Predictive maintenance using estimation from time interval for butterfly valves
Suhwan Lee, Dong Woo Kim, Eunseop Yeom
Abstract
• AI Long-term failure prediction of butterfly valves; implemented using RNN and MLP • AI trained using proposed time intervals required for a change in physical quantities • Valve leakage simulation conducted to create failure data applied to AI training • Proposed method improve prediction accuracy with reducing computational demand • MLP model using time intervals yields best performance of RUL prediction In predictive maintenance, accurate forecasting of the remaining useful life (RUL) for ship components is valuable because ships can only be serviced when docked in ports. Traditional data-driven approaches using recurrent neural networks (RNNs) involve iterative processes that predict one step at a time, increasing computational demands and limiting their application to low-specification systems. In this study, a direct prediction method based on the current quantity and time-interval data, which is the time required for a change in physical quantities, was developed to prevent iterative predictions and reduce computational demands. Numerical analysis simulated butterfly valve leakage in ship exhaust systems, with temperature variations in the exhaust pipe serving as detection metrics.
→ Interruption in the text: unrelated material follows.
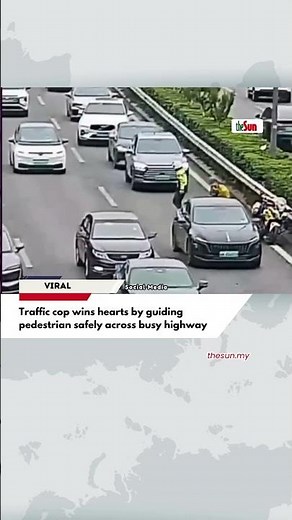 Traffic cop wins hearts by guiding pedestrian safely across busy highway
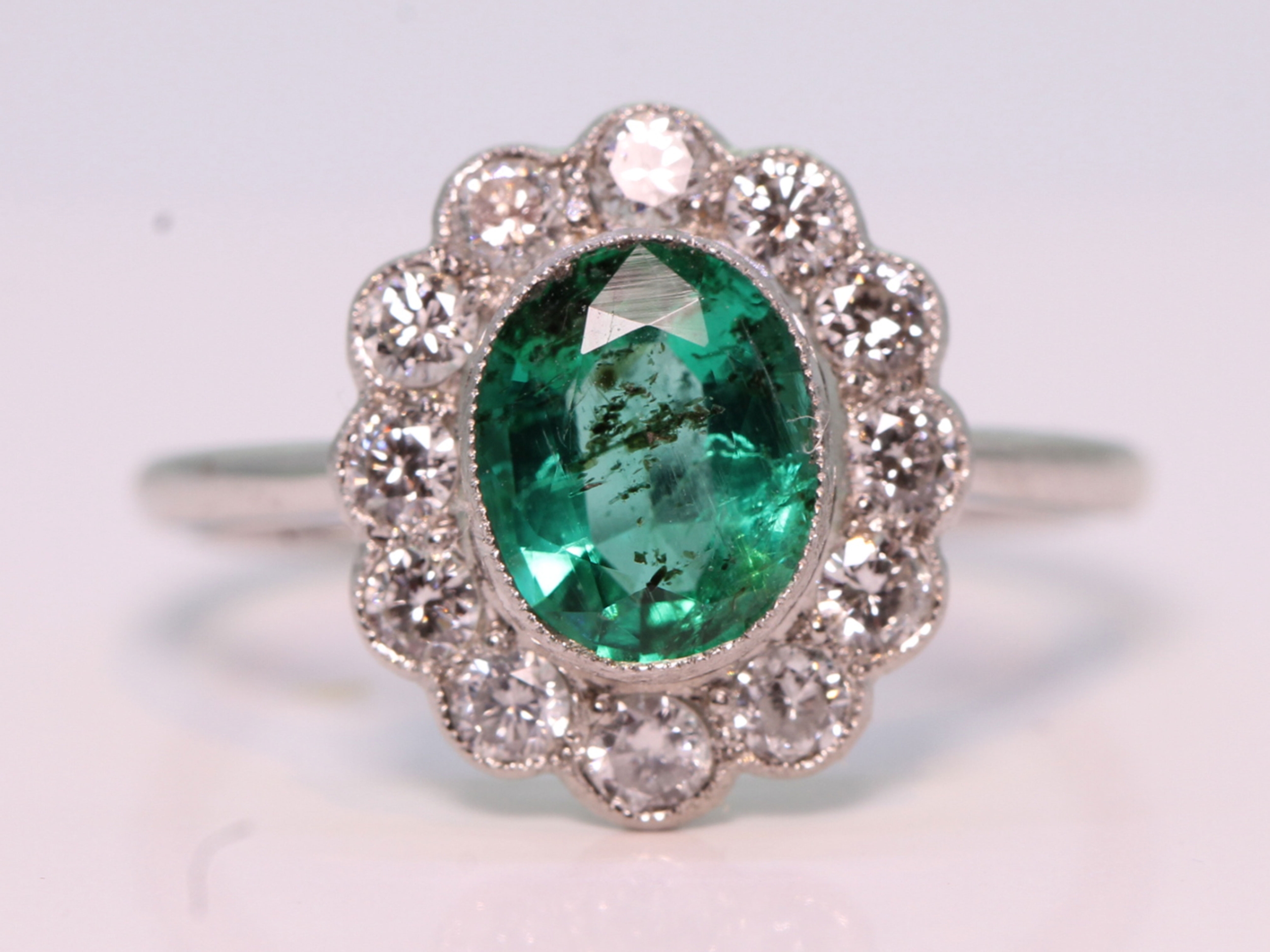  vintage colombian emerald and diamond platinum cluster ring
Virtual data with different degradation tendencies were created based on these simulations to supplement limited operational data for neural network training. Long short-term memory (LSTM), gated recurrent units (GRU), and multilayer perceptron (MLP) models were employed and compared. The proposed method showed an average accuracy improvement of 21% and a computation time reduction by more than 50% when predictions were made for half-year remaining until failure. From a comprehensive perspective, the MLP model was found to be the most appropriate neural network for the proposed method.